**DATASET EXCERPTS:**

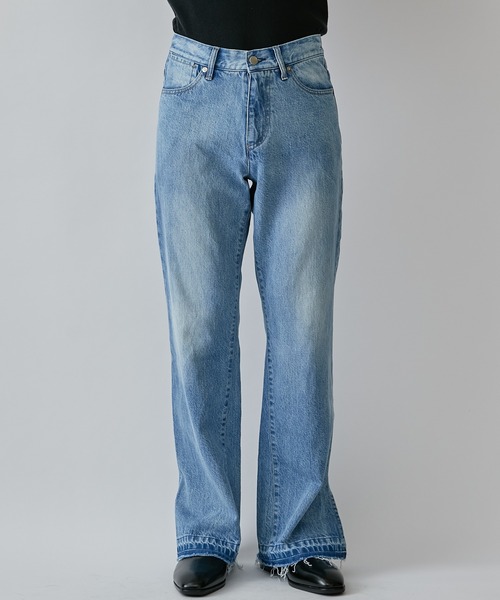 Lui's(ルイス)の「スリットセミフレアデニム(デニムパンツ・メンズ・ブラック/インディゴブルー/ライトブラック・28/30/32)」の12枚目の写真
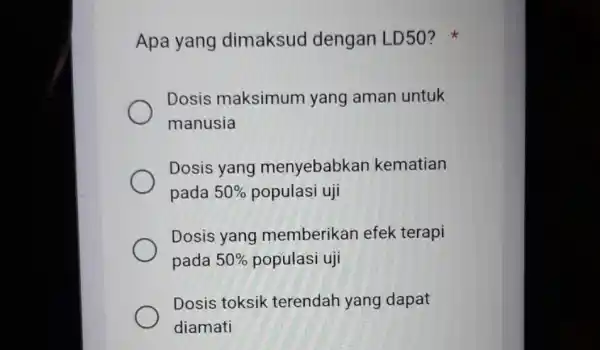 Apa yang dimaksud dengan LD50? Dosis maksimum yang aman untuk manusia Dosis yang menyebabkar kematian pada 50% populasi uji Dosis yang memberikan efek terapi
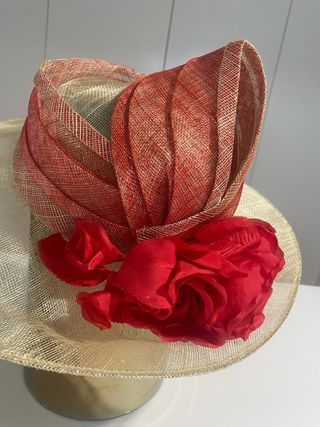 Pamela dorada y roja con flores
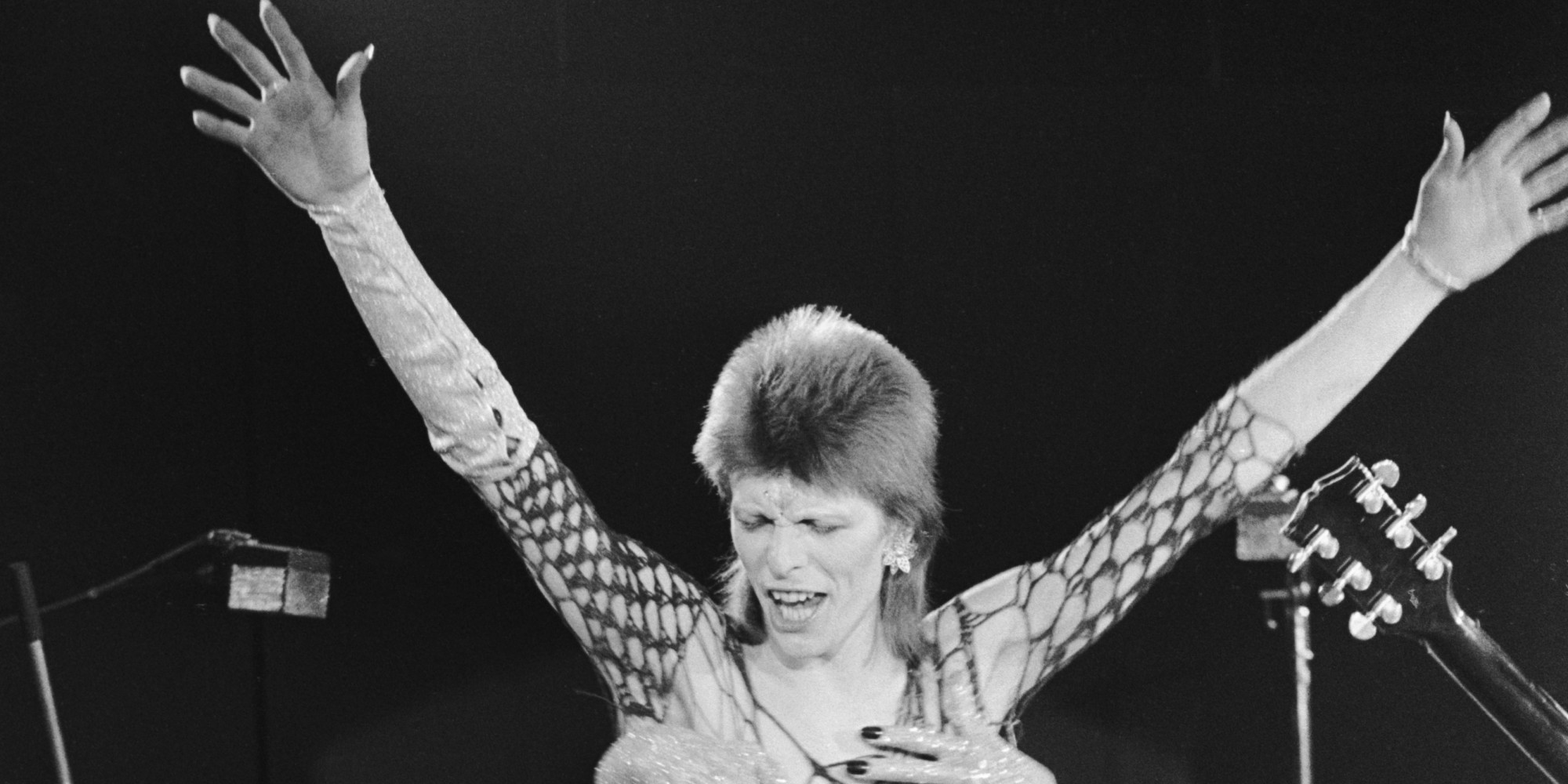 Дэвид боуи концерт. David Bowie hands. David Bowie Wallpaper. Обои Боуи рок. Дэвид Боуи в полный рост для распечатки.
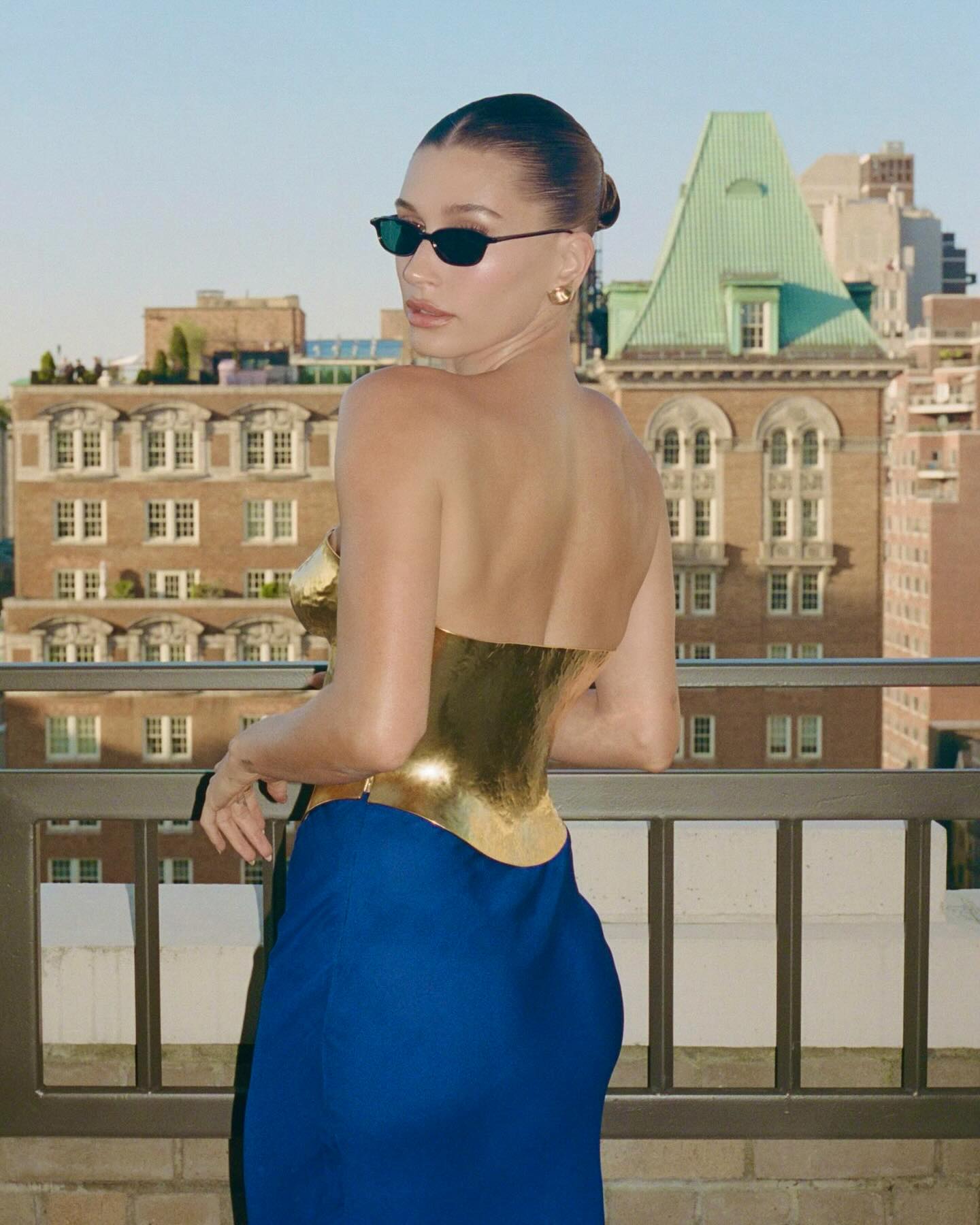 Hailey Bieber 简约高级风，超模日常穿搭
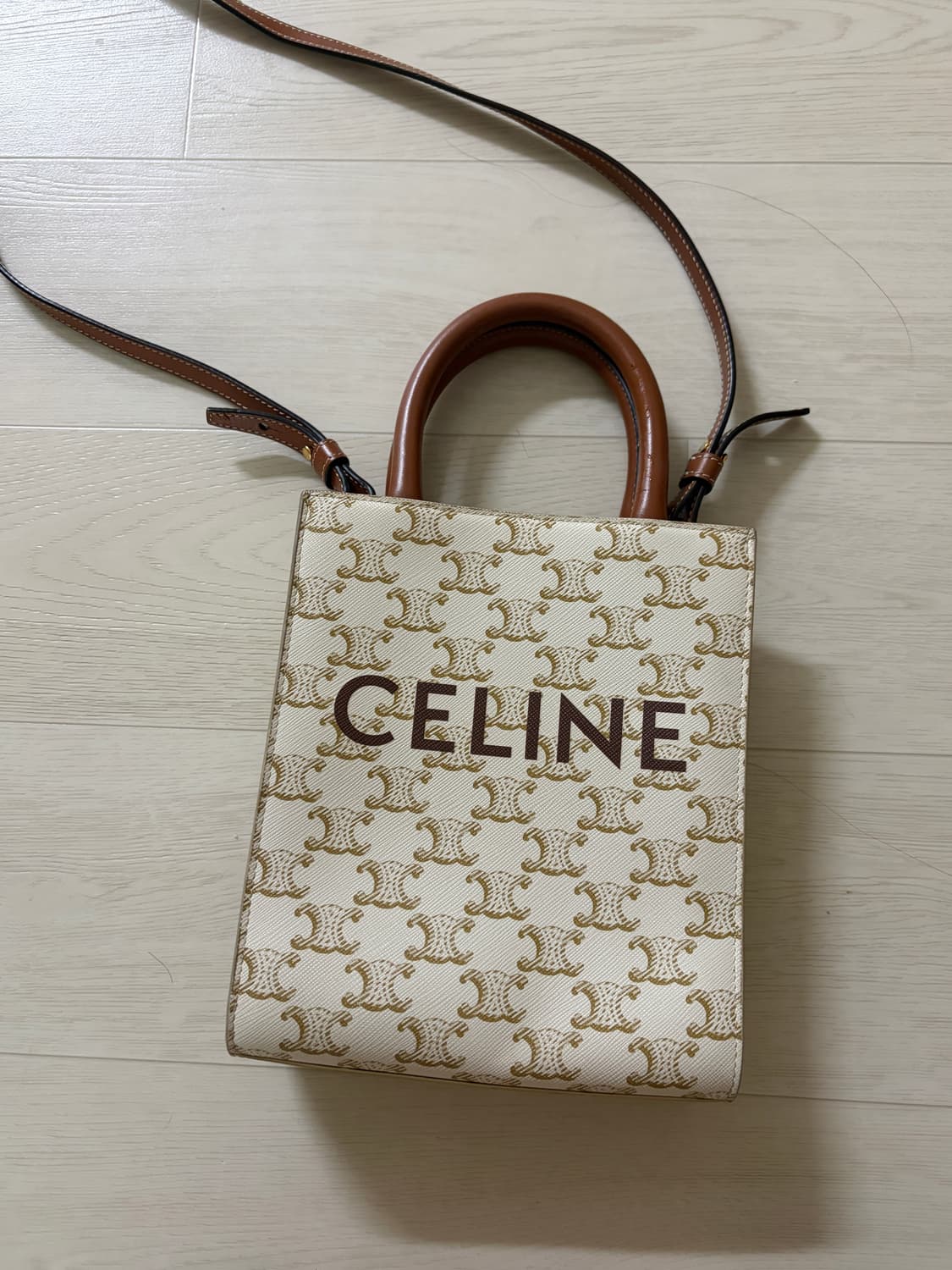 셀린느 가방 상품이미지1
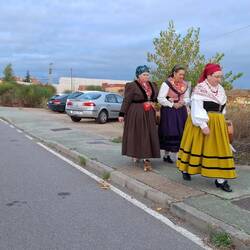 There were lots of locals in traditional dress heading to some sort of gathering.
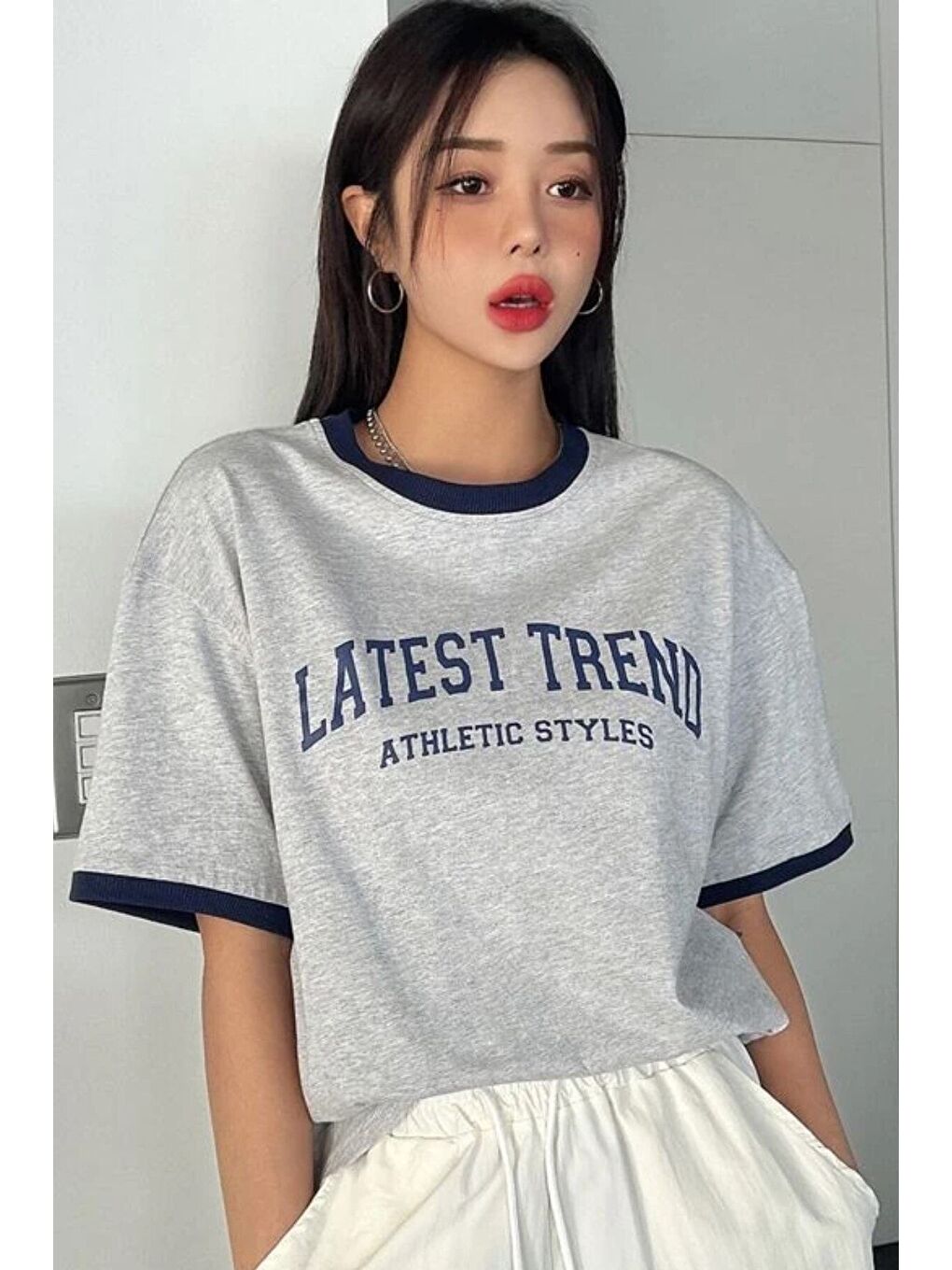 Kadın Gri Yakası Lacivert Latest Trend Baskılı Oversize T shirt-2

**EXERCISE DETAILS:** Begin the copy at the line containing "셀린느 가방 상품이미지1" and end it at the final line of the material above, reproducing each line exactly and omitting pictures.

**RESULT OF THIS TASK:**
 셀린느 가방 상품이미지1
 There were lots of locals in traditional dress heading to some sort of gathering.
 Kadın Gri Yakası Lacivert Latest Trend Baskılı Oversize T shirt-2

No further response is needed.